Lorsque Théo soumet Anne à son questionnaire, j’ai beaucoup hésité avant de les mettre à plat ventre sur l’herbe. Je me disais qu’elle allait être ridicule à cinquante ans allongée comme ça sur l’herbe avec un tout jeune homme. Mais j’avais tellement envie que leurs épaules se frôlent, que ce soit innocent, adolescent, qu’ils soient comme abandonnés à l’été.
La scène dans la voiture quand ils reviennent de l’escapade au bord de l’eau est un moment de pure joie…
C’est mon côté « années 60 », avec cette voiture décapotable ! Cette scène, c’est l’adolescence retrouvée pour Anne et elle ne s’en rend même pas compte. Et quand ils rentrent à la maison avec les enfants dans les bras, c’est eux qui sont devenus le couple.
Deux temporalités coexistent dans le film : le temps familial, social, un peu naturaliste, et ces sorties hors du temps que sont leurs moments tous les deux ensemble.
J’aime le cinéma naturaliste mais je trouve qu’il faut le fracasser avec l’expressionnisme car dans la sensation du « jouer juste » il n’y a pas la tension de ce que je veux raconter.
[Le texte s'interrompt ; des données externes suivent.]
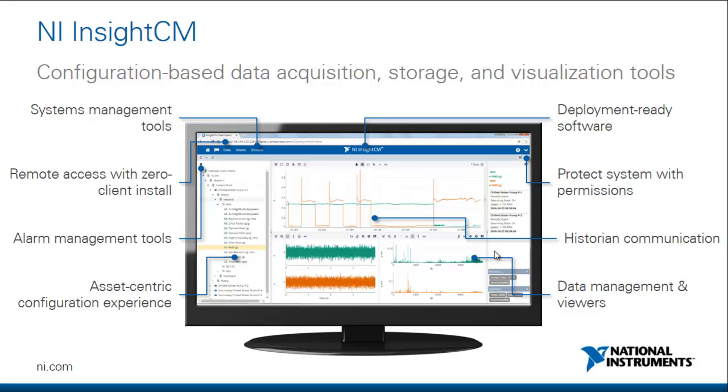As we go through this video series, you'll be able to see the features of this software in action. See you soon!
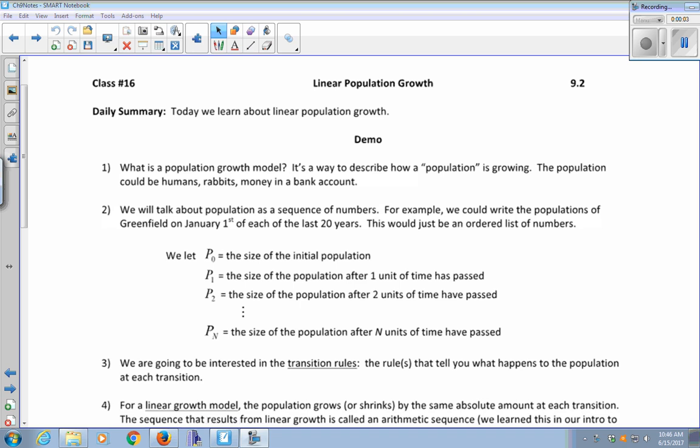Today we're going to learn about linear population growth via population growth models. A population growth model is a way to describe how a population is growing — the population could be humans, rabbits, or money in a bank account, so it's pretty versatile. We're going to talk about population as a sequence of numbers, for example the populations of Greenfield on January 1st of each of the last 20 years.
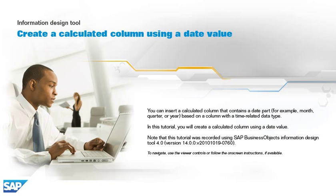You can insert a calculated column that contains a date part, for example month, quarter, or year, based on a column with a time-related data type. In this tutorial, you will create a calculated column using a date value.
Moi, je raconte des émotions, je ne raconte pas du quotidien. Cela vient aussi du film que j’ai vu à douze ans, qui a été la révélation et fait que je suis devenue cinéaste : La Nuit des forains de Bergman, confirmé par Persona.
Et puis je pense à Hitchcock, toujours, avec ces femmes énigmatiques, et évidemment aux peintres. J’installe mes acteurs dans le cadre comme les peintres dans les tableaux, qui font des études sans fin pour placer une tête, un bras ou un regard du coin de l’œil, avec une précision absolument artificielle, mais en même temps naturelle. Il faut lutter contre le naturalisme pour faire entrer les émotions dans le cadre.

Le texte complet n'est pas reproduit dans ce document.